**Task to carry out**
Please repeat only the lines below starting at the line that holds "May include: A" and ending at the line that holds "ensuite bathroom featuring", exactly, with both of those lines included and every picture omitted.
◆ ◆ ◆ ◆ ◆
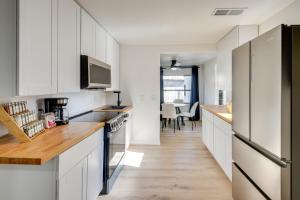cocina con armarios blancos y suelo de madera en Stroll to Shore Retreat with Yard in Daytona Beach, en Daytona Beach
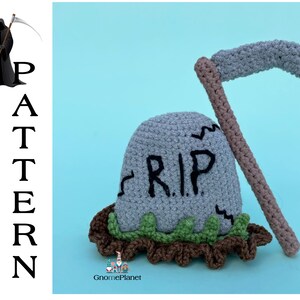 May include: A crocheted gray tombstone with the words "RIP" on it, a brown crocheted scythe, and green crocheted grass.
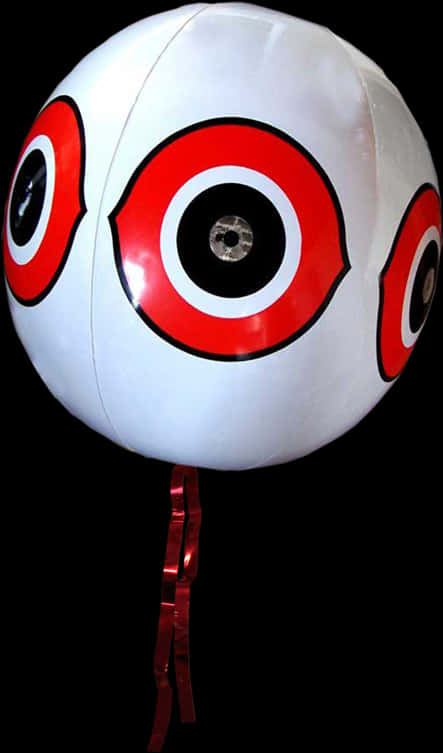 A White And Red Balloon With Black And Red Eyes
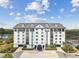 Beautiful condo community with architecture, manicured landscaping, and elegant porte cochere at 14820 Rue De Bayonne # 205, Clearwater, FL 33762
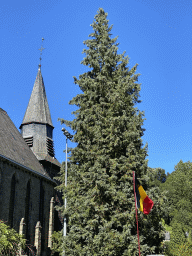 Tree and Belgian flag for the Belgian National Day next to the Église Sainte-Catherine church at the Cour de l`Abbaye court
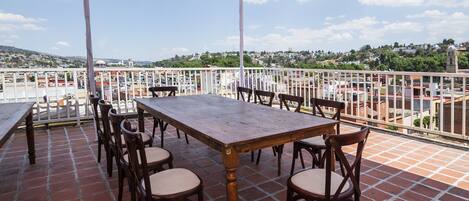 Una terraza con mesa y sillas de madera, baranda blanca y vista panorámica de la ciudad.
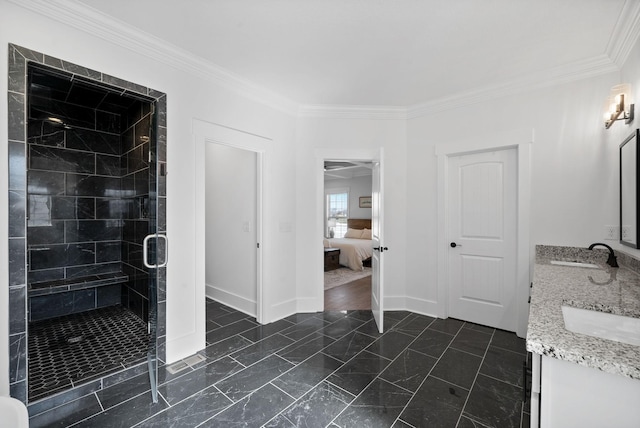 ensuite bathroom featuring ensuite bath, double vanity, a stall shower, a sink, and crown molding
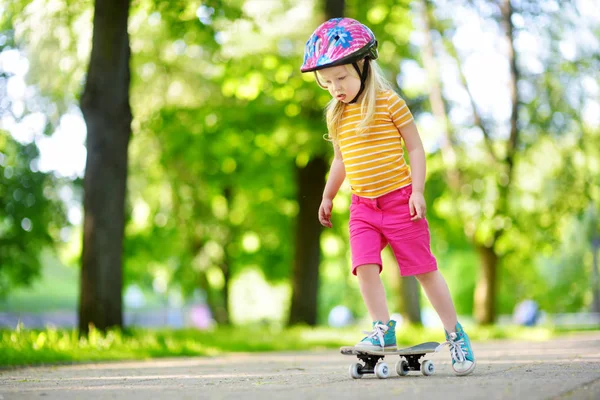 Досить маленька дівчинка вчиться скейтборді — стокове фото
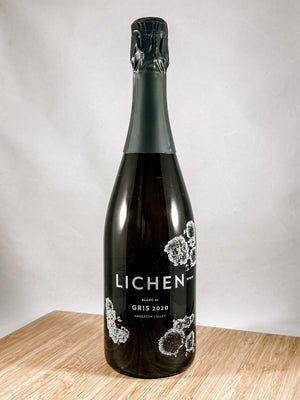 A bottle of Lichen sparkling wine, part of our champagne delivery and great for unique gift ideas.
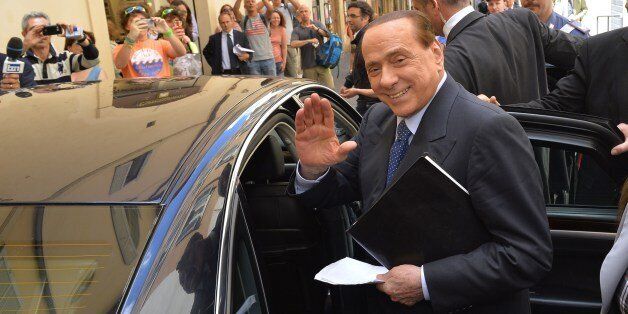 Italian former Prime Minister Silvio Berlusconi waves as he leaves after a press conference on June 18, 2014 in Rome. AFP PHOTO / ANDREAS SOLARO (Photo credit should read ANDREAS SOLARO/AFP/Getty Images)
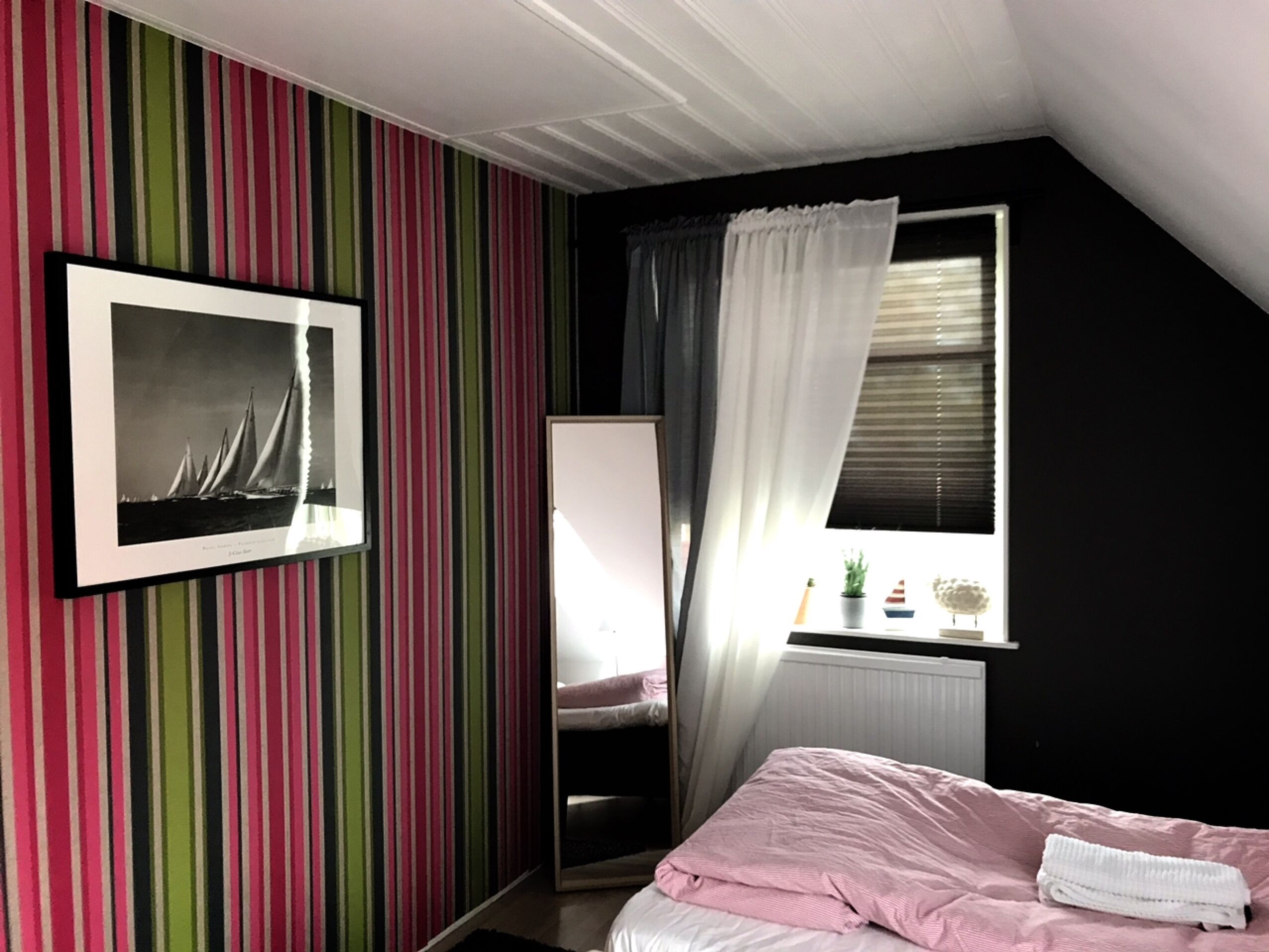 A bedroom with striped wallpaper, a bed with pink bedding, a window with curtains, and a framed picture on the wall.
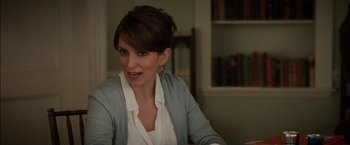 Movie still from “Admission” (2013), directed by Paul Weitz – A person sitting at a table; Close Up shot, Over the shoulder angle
◆ ◆ ◆ ◆ ◆
**Solved exercise**
 May include: A crocheted gray tombstone with the words "RIP" on it, a brown crocheted scythe, and green crocheted grass.
 A White And Red Balloon With Black And Red Eyes
 Beautiful condo community with architecture, manicured landscaping, and elegant porte cochere at 14820 Rue De Bayonne # 205, Clearwater, FL 33762
 Tree and Belgian flag for the Belgian National Day next to the Église Sainte-Catherine church at the Cour de l`Abbaye court
 Una terraza con mesa y sillas de madera, baranda blanca y vista panorámica de la ciudad.
 ensuite bathroom featuring ensuite bath, double vanity, a stall shower, a sink, and crown molding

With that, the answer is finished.